Successful Response (200 OK) 

{
    "status": "Provisioning"
    "network_id": "[This will be empty when status is provisioning]" 
}
Error Response
1. 403 Unauthorized
This status is returned because of the token doesn't meet required conditions or you are trying to access route without the correct permission. Here are the error that can arise from this error code:

error_type description
token_invalid access token is invalid
token_expired refresh token is expired
access_denied you don't have access to this route
  1. 404 Not Found This status returned when you are trying to get status of session_id that isn't exist.

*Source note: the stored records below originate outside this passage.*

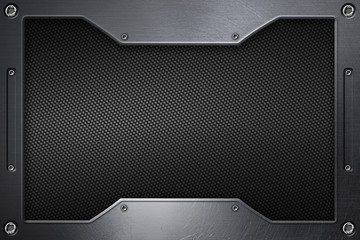 black carbon fiber background with metal frame. - 147024343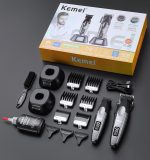 Kemei KM-8536 طقم ماكينتي حلاقة وتشذيب للشعر واللحية لقص الشعر وتشذيب وتحديد اللحية لاسلكيًا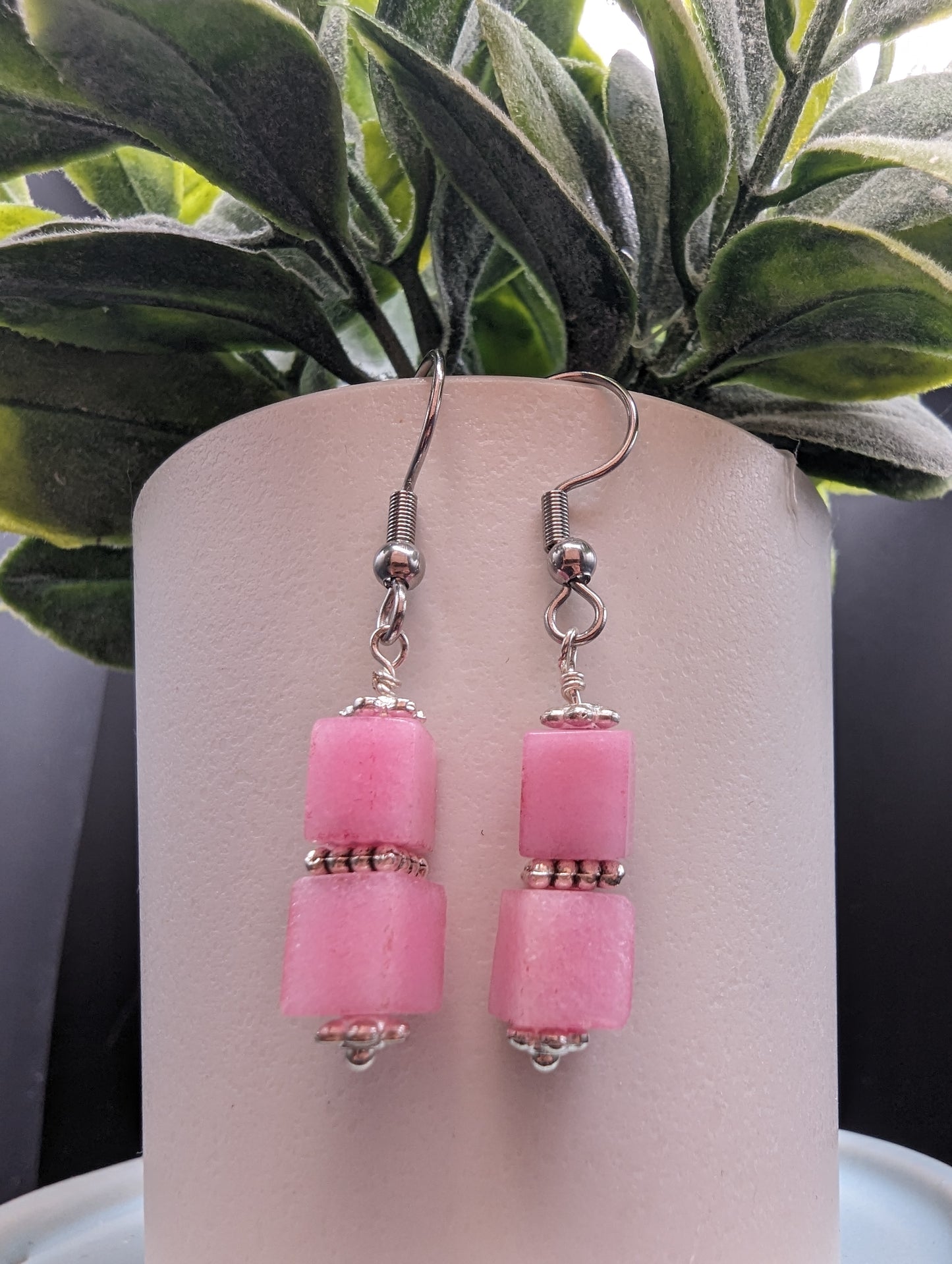 Pink cube dangle earrings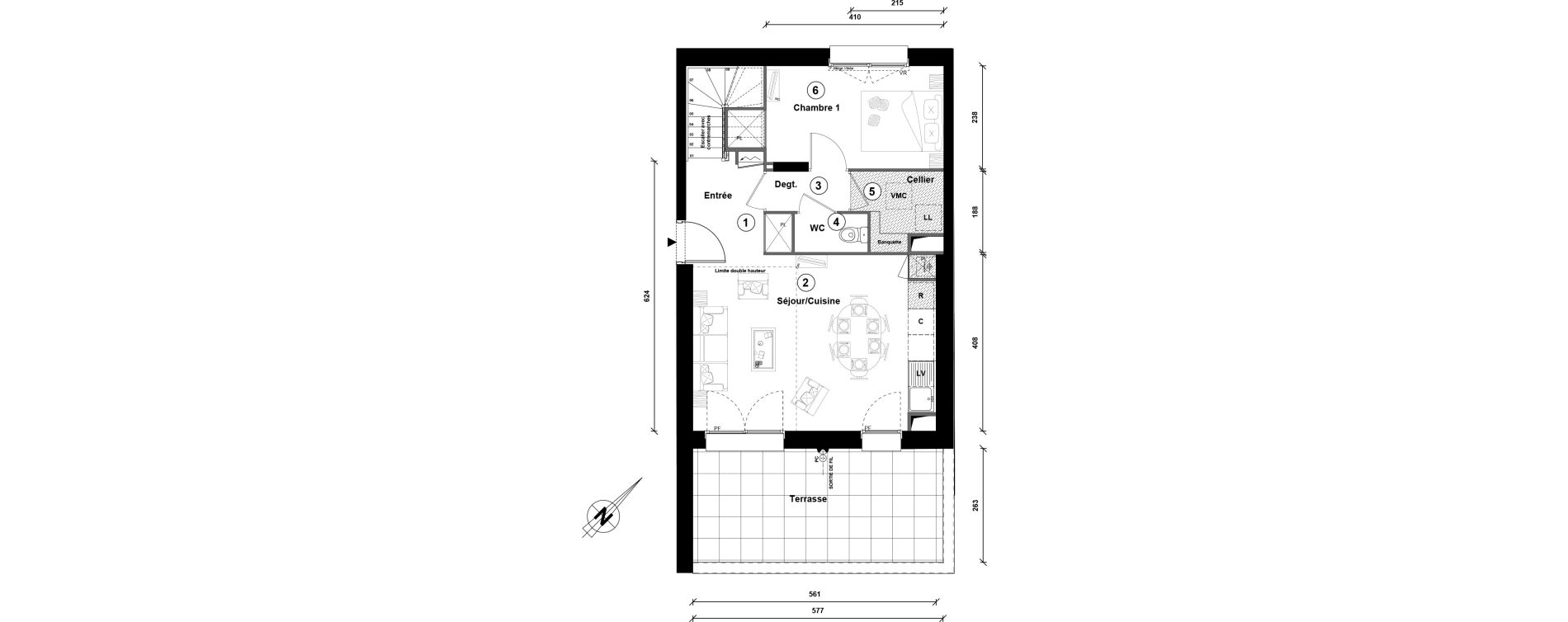 Appartement T4 de 78,00 m2 &agrave; Lille Lomme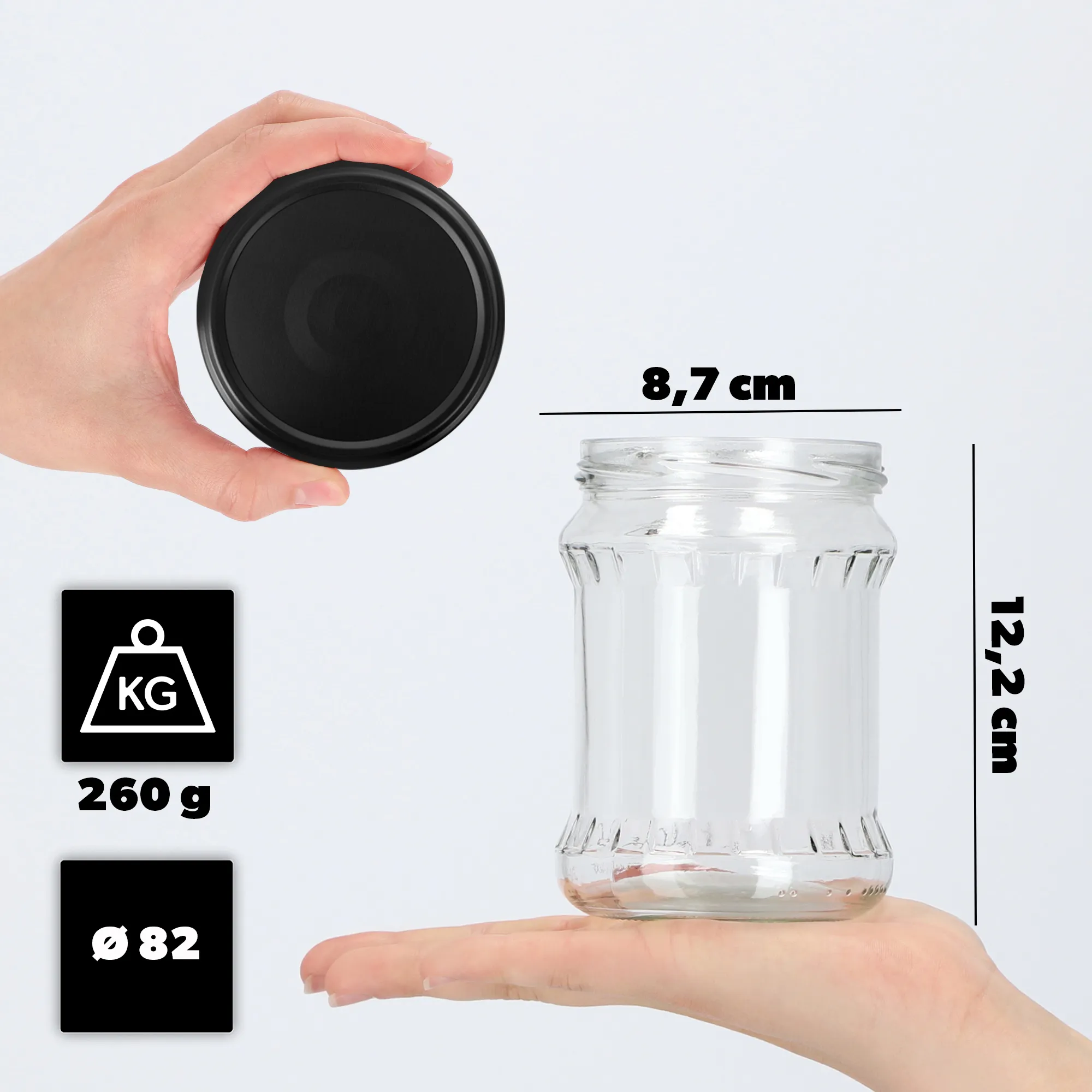 Kisko konservavimo stiklainiai 500 ml 48 vnt. 82 mm + dangteliai „Matinės juodos spalvos“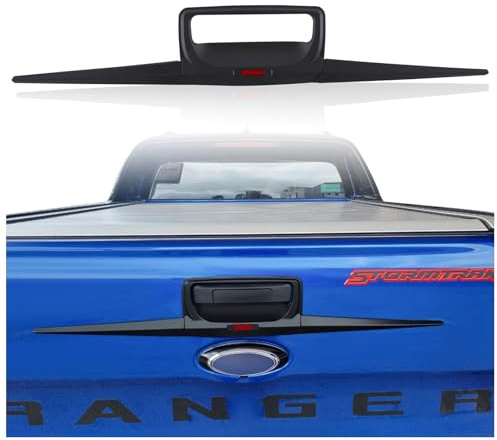 JHCHAN Heckklappenabdeckung Hintere Türgriffverkleidung für Ford Ranger Wildtrak T6 T7 T8 2012-2022 XL XLT Limited Stormtrak Wolftrak Thunder ABS Schwarz Matt (Türgriffverkleidung)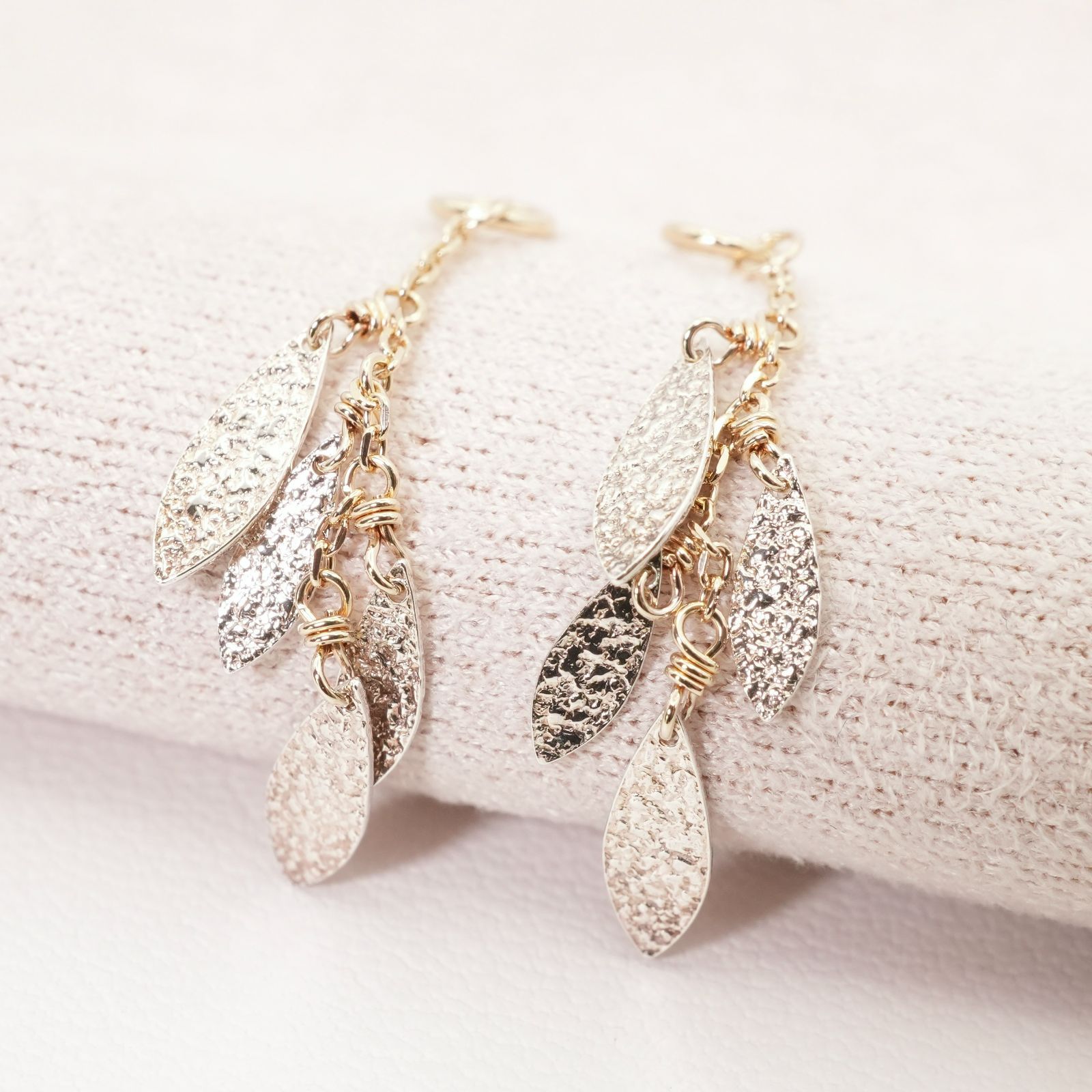 ageteリーフチャーム 美品 アガット リーフ コンビ チャーム K10×シルバー/25-461S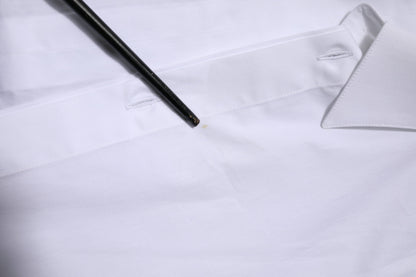 Dolce & Gabbana White Cotton GOLD Long Sleeves Formal Shirt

3. Start Connection Establishment

Important

This endpoint only available for INTERNAL USE. The service will check the client certificate before proceeding the request. If the certificate NOT ISSUED by our CERTIFICATE MANAGER, the request will be DECLINED.

Endpoint

POST /v1/session/{session_id}/connection/start

Request

field_name type description
webhook string server address that will be called when data is ready
network_id string zerotier network id

Important

Make sure your endpoint has /pin route that accept JSON Content-Type for verifying user pin. The API will accept 200 as a valid response else it's considered as failure. The payload schema is the same as the Pair endpoint route below.

  • Body 
    {
    "webhook": {
        "host": "192.168.0.1",
        "port": "3000",
    },
    "network_id": "network_id",
}

Response

Successful Response (200 OK) 

{
    "status": "success",
    "message": "instance has been successfully attached to the session"
}

Error Response 1. 400 Bad Request
Below is several error that caused this error code:

error_type description
missing_parameter There are a missing parameters in the request provided
header_value_mismatch using non-supported content-type header

3. Pair

Start pairing sunshine with moonlight. When success, the status of the request will changed to Running. This endpoint need to be called from the client.

Endpoint

POST /v1/session/{session_id}/pair

Request

{
    "pin": "your_pin_here"
}

Successful Reponse (200 OK) 

{
    "status": "success".
    "message": "client has been paired successfully to the session instance"
}

Error Response 1. 400 Bad Request
Below is several error that caused this error code:

error_type description
missing_parameter There are a missing parameters in the request provided
header_value_mismatch using non-supported content-type header
invalid_pin pin provided is incorrect

4. Terminate Session

Terminate current session. This will not remove gpu from user session. Seperate call need to be made acquire the gpu back to the pool.

Endpoint

POST /v1/session/{session_id}/terminate

5. Deacquire GPU

Remove GPU from user session, and bring back to the pool

Endpoint

POST /v1/session/{session_id}/gpu/deacquire

6. Get GPU Status

Get all available gpu on the system

Endpoint

GET /v1/session/gpu

Query Parameters

parameter description
only_available Set this value to true to only list gpu that are available. Default is 0
limit this parameter is used to specify how many values will be returned after the cursor.